Only yesterday, when the Slytherin team had booked the pitch, the sun had been shining and the sky clear. She swallowed back a sharp taste of bitterness. Never in her life had she seen more examples of sheer, dumb luck than when they were concerned.
Rolling her eyes, she lifted a delicate pair of Omnioculars, a gift from Valerie for making captain, and glanced around the sky.
Katie and Alicia weaved back and forth across the pitch, passing the Quaffle with admirable acuity, but their turns were too wide, too erratic. As if to emphasize the point, Fred swooped up from below them, nearly missing his block of a particularly deft Bludger – if he was only a fraction of a second slower, Alicia would have been sideswiped as she looped left around Katie. Realizing how close of a call it was, she pulled her broom to a stop to steady herself.

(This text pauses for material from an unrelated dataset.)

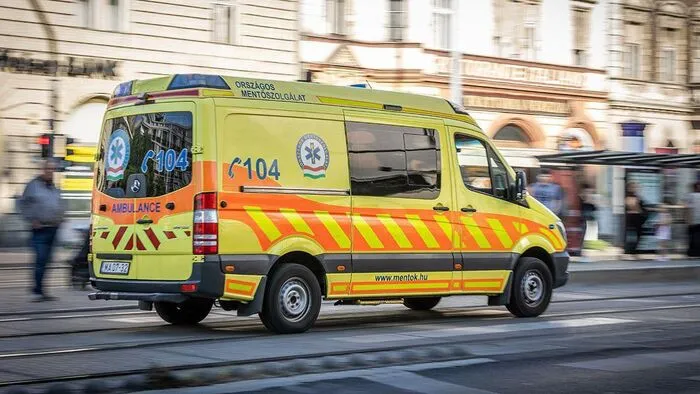 Rohant a mentő: súlyos baleset, teljes útlezárás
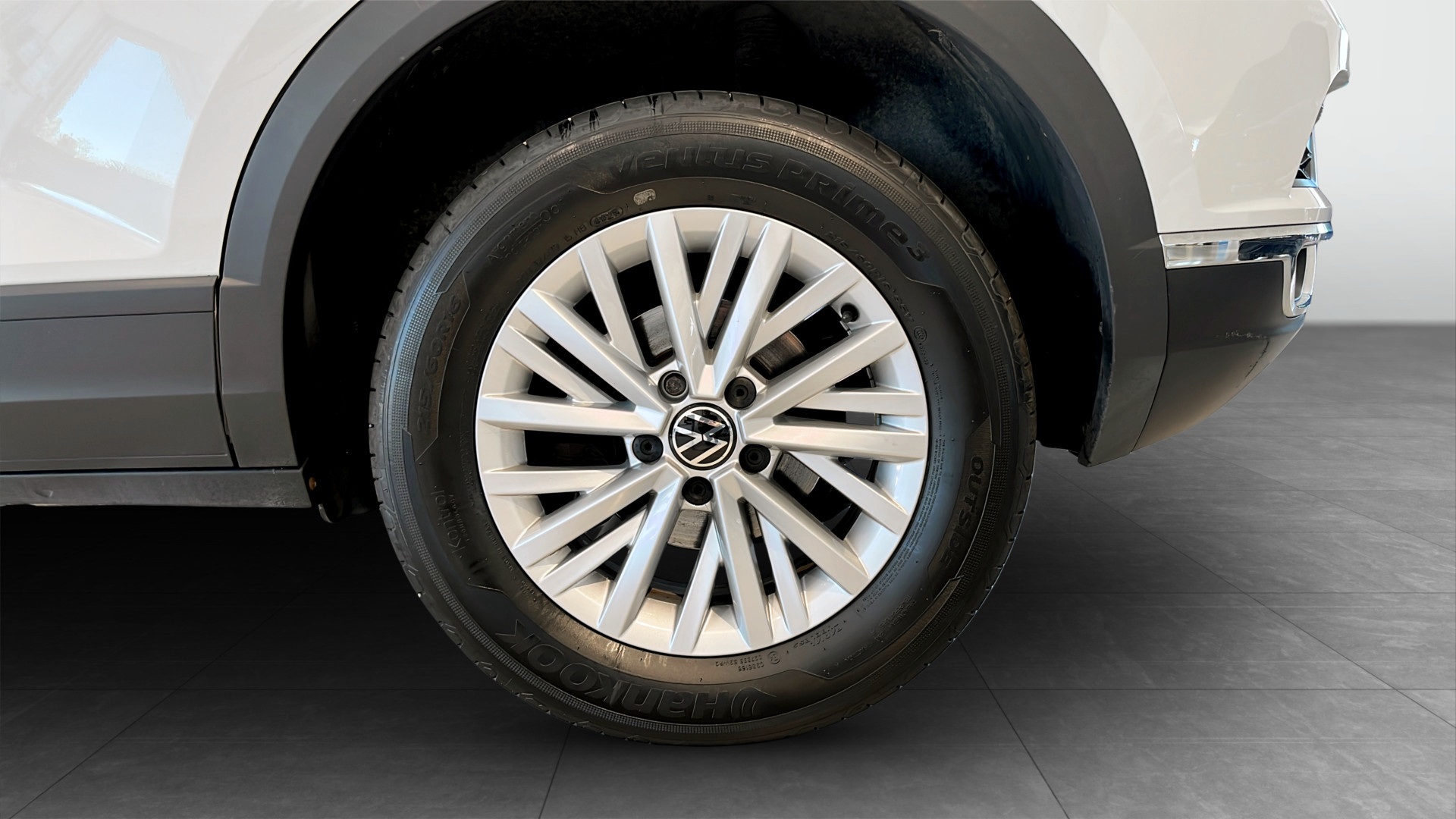 Volkswagen T-Roc WBL81E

Angelina flinched at the near miss and wondered whether the formation’s flank was as exposed when flown with all three Chasers.
Several metres above them, Harry was tucked neatly against the handle of his Firebolt in pursuit of a Snitch. Typically the combination of the broomstick’s unrivalled speed and his athletic talent made for an impressive display, but not today. His cuts and dives were full seconds late and over-exaggerated. Circling a perimeter around him, George, assigned with the task of keeping the Seeker on his toes, lobbed a Bludger his way. Harry’s head jerked up as it grazed by his shoulder, and his broomstick spun off course. Focused on the parade of Quaffles bewitched to launch themselves at the three rings behind him, Ron was helpless to avoid Harry as he careened into him with a sickening crunch.
Frustration welling up behind her eyes, Angelina took a deep breath before dropping the Omnioculars and tapping her throat with her wand.
“Oi, everyone in, now.” Her voice echoed through the damp air.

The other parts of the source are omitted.